If so, can you cite a few examples?
Absolutely. In the current issue of RFID Journal’s digital magazine, we have a Vertical Focus article on the industry’s use of RFID (see Nerves of Steel). ThyssenKrupp Steel Europe, one of the world’s largest steel producers, is using ultrahigh-frequency RFID tags to track 30-ton steel slabs from Brazil to its German processing factories.
Corinth Pipeworks S.A., headquartered in Athens, Greece, supplies steel pipe to the oil and gas industry. The company brings in and processes steel on a customer-order basis, so Corinth is using ultrahigh-frequency (UHF) magnetic tags that can be attached to the inside of a pipe in order to manage inventory in a yard and improve shipping accuracy. At the end of processing, a worker employs a handheld reader to ensure that the correct pipes are being sent to a particular customer, and then removes the tags for reuse on the next project—unless the customer wants to keep the tags to continue tracking on its own end, in which case it pays a fee to Corinth.

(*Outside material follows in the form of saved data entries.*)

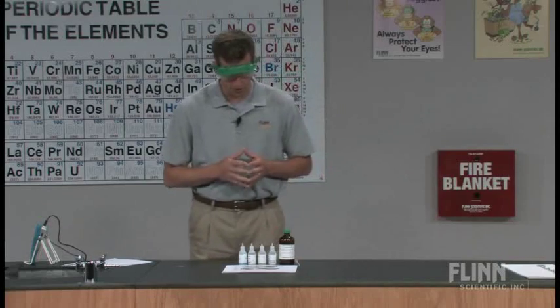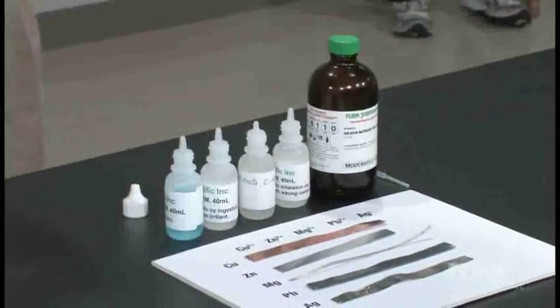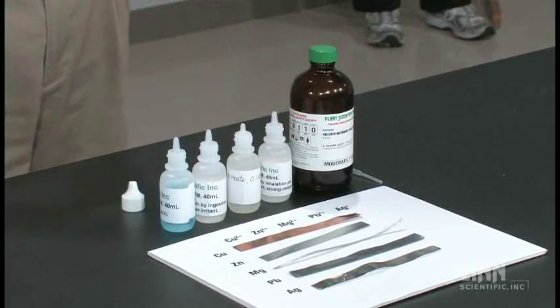What I have set up on the whiteboard in front of me are five strips of metal: copper, zinc, magnesium, lead, and silver. Across the top, we're going to use the nitrates of the particular salts of those metals.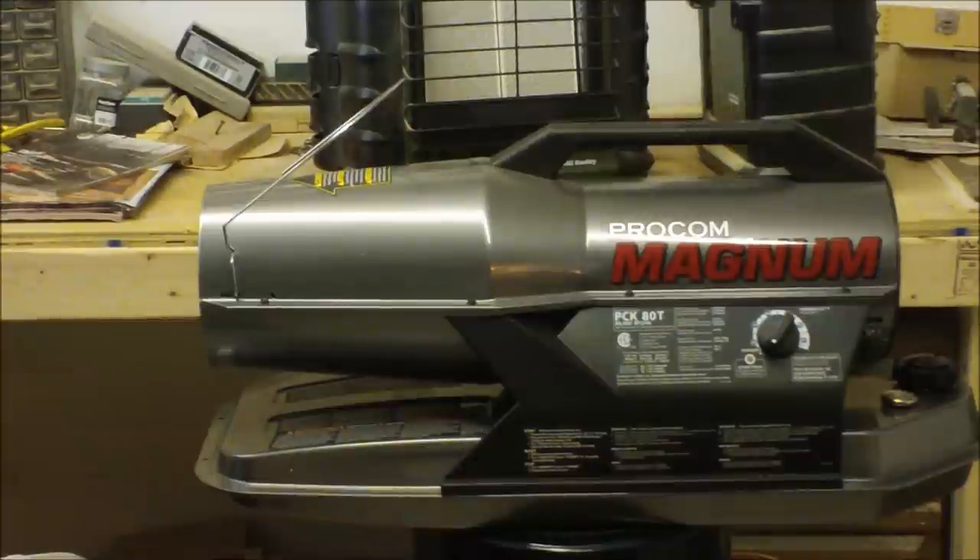This year we got the ProCom Magnum — it is an 80,000 BTU kerosene/diesel heater. You can put either kerosene or diesel in it. At the beginning we used diesel but found out the fumes were just way too much, even with doors open. So we decided to switch to kerosene and also use a fuel additive to get the smell out of the air. With these heaters you really have to make sure you have ventilation. It really packs a punch in the cold — you only have to turn it on and wait about one minute and you're already warm. So this is where we're at with the heat situation and I think we're pretty good.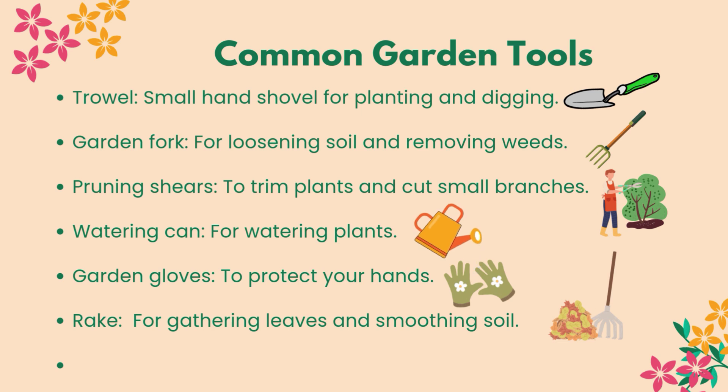Common garden tools include: a trowel, for digging small holes and planting; pruning shears, for cutting small branches and stems; a watering can, for watering plants; garden gloves, to protect your hands; and a rake, for gathering leaves and smoothing soil.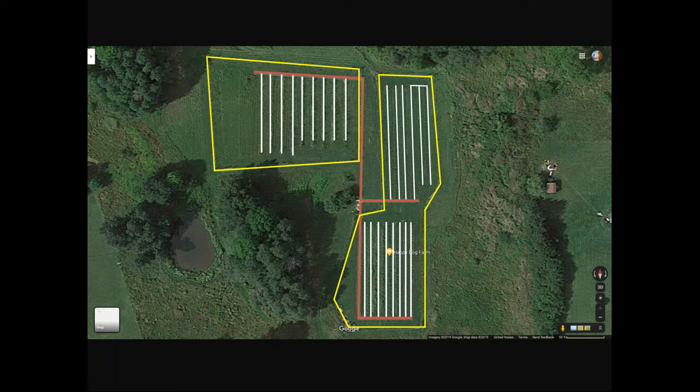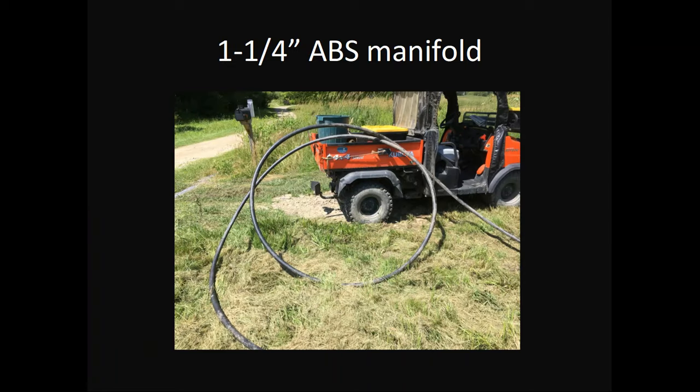A little bit about that manifold. I rented a commercial trencher and went down more than two feet, cutting a slit trench about three inches wide, and dropped in this ABS manifold. This is a 100 PSI pipe — more than adequate for what I'm doing. I'm putting 30 PSI into it, which is a regulated pressure off my well. It's not delivering 30 PSI at the far end of the other orchard, but those pressure-compensating emitters don't care — they don't need that much pressure. This pipe handles the volume of water I need flowing.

There are other examples as well. Age Steel, for example, is a finalist for this year’s RFID Journal Award for Most Innovative Use of RFID (see Finalists Unveiled for Ninth Annual RFID Journal Awards). The company tags steel slabs and uses a drone to conduct inventory counts automatically within a 65,000-square-meter yard (see RFID-Reading Drone Tracks Structural Steel Products in Storage Yard).
You do need special tags, of course, to track steel. An ordinary passive UHF RFID label would be detuned by the metal, and the tag would not be readable. But several companies are achieving high read rates with tags designed for tracking steel.